# Excitement Biting?



## DHau (Feb 24, 2007)

How do you deal with dogs that bite or nip when happy excited? 

Our dog has started nipping at us only when we go in the car. She started nipping my son's shoulder and I didn't believe it at first. Then today, I took her for a ride and she bit the seatbelt strap. Then she nipped my arm. I know she's not aggressive toward anybody, but I am a bit concerned.


----------



## SunCzarina (Nov 24, 2000)

Morgan has bouts of that - yes she's 7 - I put my hand under her muzzle, force her to look at me and say No firmly but not harshly. The puppy gets loopy when it's walk time, he bites at Morgan, steals my shoes and will nibble on my jacket. I just say We can't go for a walk until you calm down. He knows what calm down means







whether or not he does it is so puppy.


----------



## Foo Lyn Roo (May 16, 2007)

Indigo does this on occasion, we quickly took it under control when she did it to my husband one morningwhile he was in bed.. in a very bad spot, she bites, just with the very front of her teeth, just a little nib.
I dont think she's done it since he yelled at her LOL


----------



## AK GSD (Feb 27, 2008)

Boss gets excited about the vacumn. He has learned he is not supposed to bite at it. So now when I vacumn he grabs one of his squeaky balls and follows me around with it squeaking the whole time. It was not anything I taught him to do - just something he started doing on his own but it seems to be like a pacifier to him







So along with telling your pup no maybe you can try to redirect her to something more appropriate to put in her mouth that she likes.


----------



## doggiedad (Dec 2, 2007)

how old is your dog???


----------



## Timber1 (May 19, 2007)

My dog did the same darn thing. When I git in the truck her would grab me by the arm, nothing mean, and was just so excited. 

So now when we leave the house I make him sit and stay. In the house, in the laundry room, in the garage and then by the truck's door. If he does not obey we start over.
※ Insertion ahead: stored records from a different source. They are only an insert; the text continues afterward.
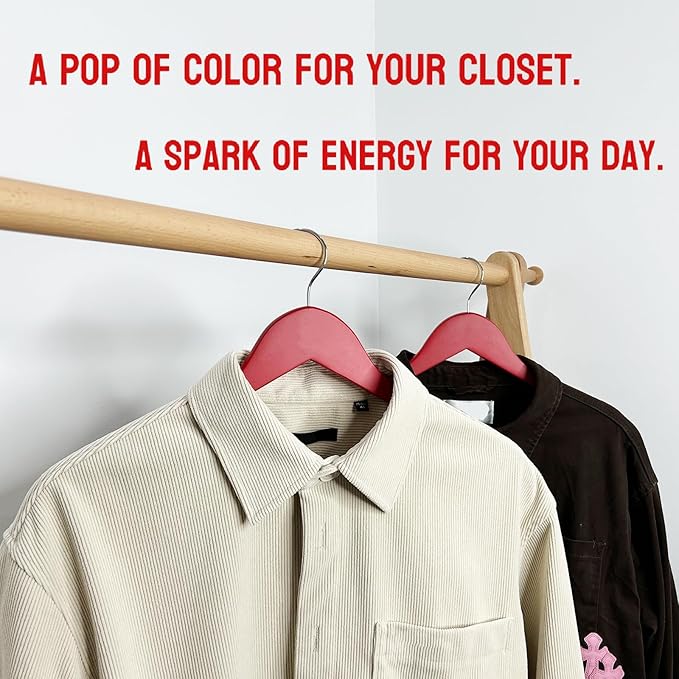 Passionate Red Wooden Hangers 20 Pack for Adults Heavy Duty Non-Slip Clothes Hangers, Colorful Wood Hangers Pack of 20 Sturdy Coat Hangers for Men Women Shirts Pants Coats Assorted Colors (RED)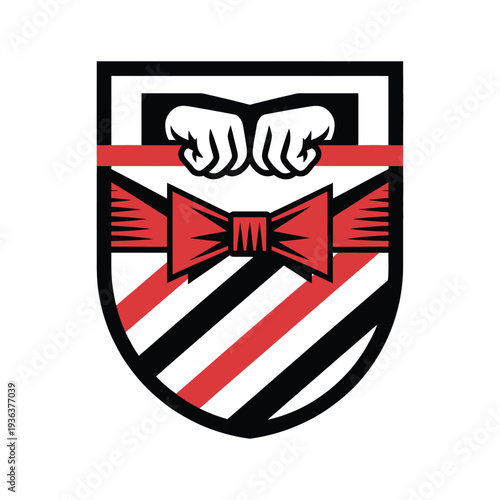 Martial Arts Combat Crest Emblem, handshake and belt illustration, combat sports logo design, dojo emblem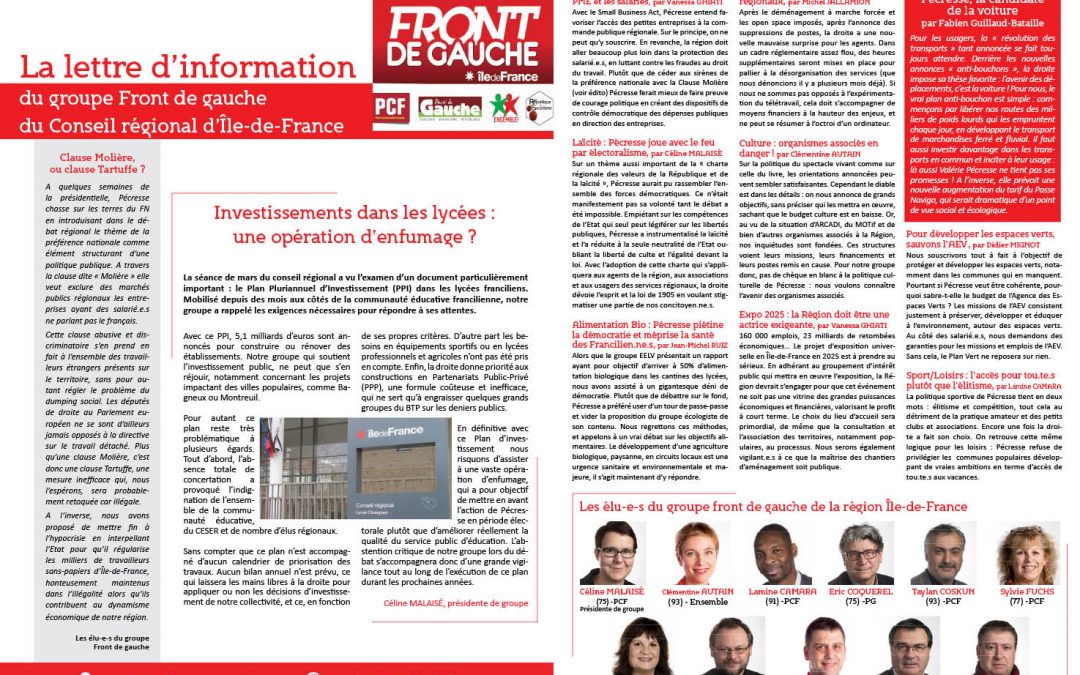 Lettre d’information N°15 / Mars 2017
Before, I would just give in, but requring he obey has worked.


----------



## Timber1 (May 19, 2007)

My dog did the same darn thing. When I git in the truck her would grab me by the arm, nothing mean, and was just so excited. 

So now when we leave the house I make him sit and stay. In the house, in the laundry room, in the garage and then by the truck's door. If he does not obey we start over.

Before, I would just give in, but requring he obey has worked.


----------



## sprzybyl (May 15, 2008)

ak gsd... LOL!! we have a problem with the vacuum/ swiffer/ duster too- anything that makes a swishing motion she just can't help but CHASE. i'll try the toss a million toys at her instead. (i wonder if that would be a 'reward' to her though?)

i'm not sure how to handle it in the car, but if and when she does those "nips" we say "No!", cross our arms and walk away. Biting means no playing or attention for you.


----------



## DHau (Feb 24, 2007)

She's 14 months old. This is something that has been going on for about 2 months. At first I didn't believe it from other family members, but when she did it to me, it's like oh wow! This has to stop.


I know it's just her way of showing excitement.


----------